Smart glasses are back. Only this time, they’re arriving as part of a much bigger shift toward AI-first hardware, with companies like Meta, Apple and Google pitching them as hands-free assistants capable of seeing, listening and responding to their environments in real time. Instead of having to pull out a phone, smart glasses wearers can ask for directions, translate conversations and capture video simply by looking at the world around them.
No longer the experimental gadget of the early 2010s, smart glasses are being marketed as the next natural successor to the smartphone — or at least a powerful companion. As artificial intelligence becomes more capable and multimodal, the appeal of a wearable interface that can continuously interpret their surroundings is growing fast. And their integration in everyday life feels almost inevitable.
Are Smart Glasses Legal in the United States?
Smart glasses are generally legal in the United States, but it’s complicated. There is no law specifically governing their use, so they fall under a patchwork of existing regulations, including recording consent, wiretapping, and state-level privacy laws. Because these rules were not designed with smart glasses in mind, certain uses — like recording someone without their consent in states that require it — is still illegal.
But that same always-on intelligence is what makes smart glasses uniquely controversial.

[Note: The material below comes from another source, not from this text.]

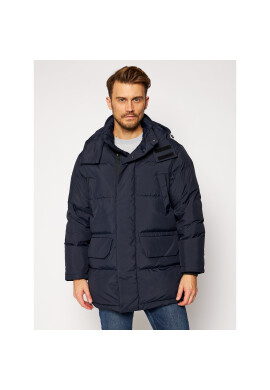 Lacoste Пухено яке BH1960 Тъмносин Regular Fit - Pepit.bg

Unlike smartphones, which require deliberate action to record someone, smart glasses collapse the gap between seeing and capturing. With the wave of a wearer’s hand or a single voice command, these devices can passively collect massive amounts of visual and audio data — and often without the knowledge of the people being recorded. In an era already overrun with concerns over privacy and mass surveillance, the prospect of us all wearing smart glasses raises some pretty major red flags.
Which leads us to a pretty crucial question: Are smart glasses actually legal?

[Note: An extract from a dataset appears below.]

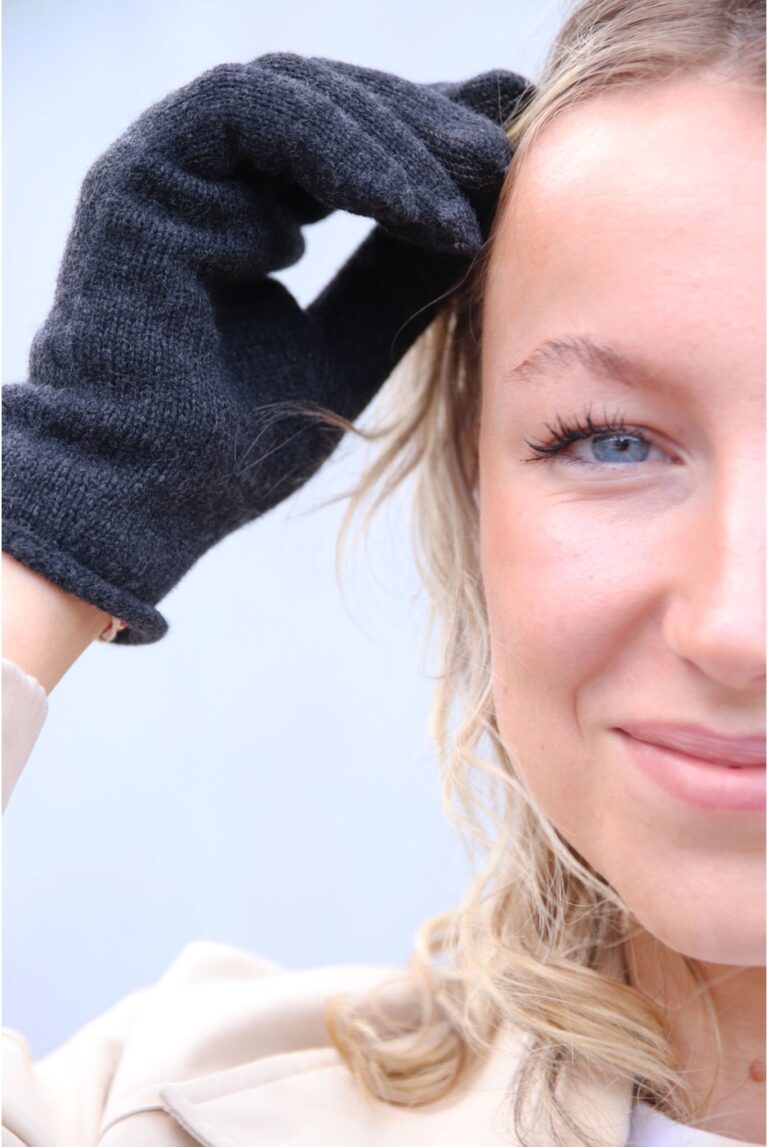 maison-bonnefoy - Gants tactiles Paule – Chameau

First, What Are Smart Glasses and How Do They Work?
At a basic level, smart glasses are wearable computers built into a familiar form factor. On the outside, they look like regular eyeglasses. But inside they’re packed with miniaturized cameras, microphones, speakers and processors. Many models also connect directly to a smartphone via the cloud, allowing users to take photos and videos, listen to audio, get directions or interact with AI assistants — all without pulling out another device.
What sets the latest generation of smart glasses apart is how tightly they integrate artificial intelligence. Powered by advanced AI models, these devices capture and interpret what a wearer sees and hears in real time, allowing them to identify surrounding objects or landmarks, translate speech on the fly, offer navigation directions, capture photos and videos and much more.
This real-time intelligence is what makes smart glasses feel so convenient — and what makes their legality so ambiguous. In some cases, the visual and audio data they use is processed on the glasses themselves, but it is often routed to external cloud servers as well, where more powerful systems handle the more computationally intense tasks. Sometimes it’s even reviewed by humans living thousands of miles away.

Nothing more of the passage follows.